What the task requires » In the entries that follow, the lines from the line containing "Удаление злокачественной опухоли" up to and including the line containing "Medtronic Spinal Cord" must be copied exactly, with pictures omitted.

Material for the task »
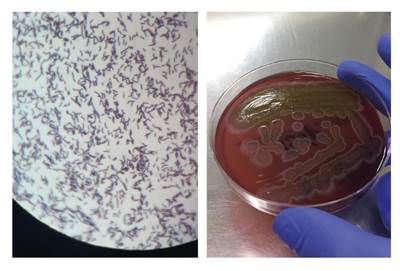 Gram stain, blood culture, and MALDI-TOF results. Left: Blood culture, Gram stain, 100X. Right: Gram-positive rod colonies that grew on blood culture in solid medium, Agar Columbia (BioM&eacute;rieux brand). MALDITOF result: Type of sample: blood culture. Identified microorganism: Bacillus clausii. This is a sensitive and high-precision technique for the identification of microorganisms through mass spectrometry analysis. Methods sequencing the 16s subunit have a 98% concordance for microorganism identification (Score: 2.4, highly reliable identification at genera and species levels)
--
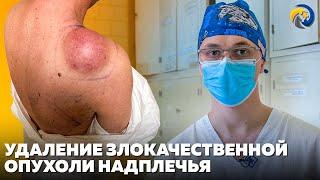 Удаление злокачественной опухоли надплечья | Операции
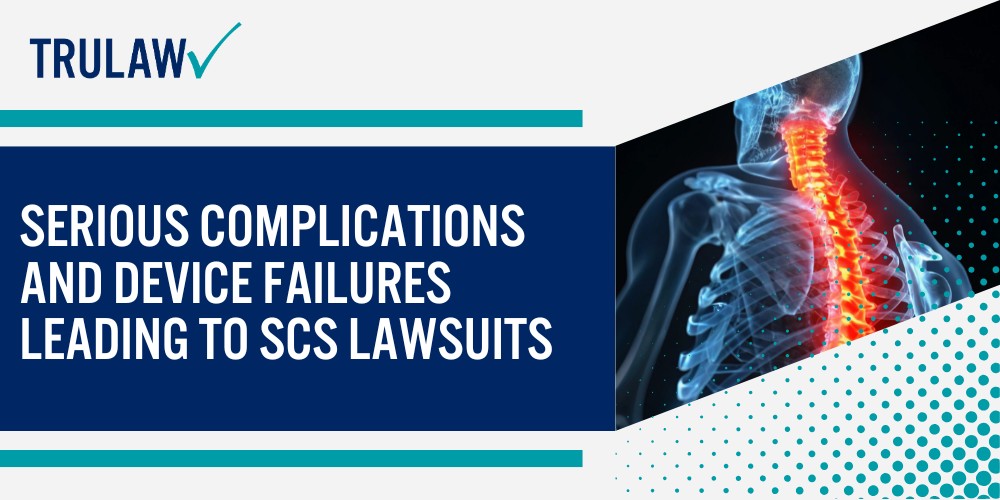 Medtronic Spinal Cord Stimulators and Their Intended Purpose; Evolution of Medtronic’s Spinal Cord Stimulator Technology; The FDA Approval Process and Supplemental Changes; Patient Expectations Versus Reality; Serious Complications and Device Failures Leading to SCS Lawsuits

Expected answer »
 Удаление злокачественной опухоли надплечья | Операции
 Medtronic Spinal Cord Stimulators and Their Intended Purpose; Evolution of Medtronic’s Spinal Cord Stimulator Technology; The FDA Approval Process and Supplemental Changes; Patient Expectations Versus Reality; Serious Complications and Device Failures Leading to SCS Lawsuits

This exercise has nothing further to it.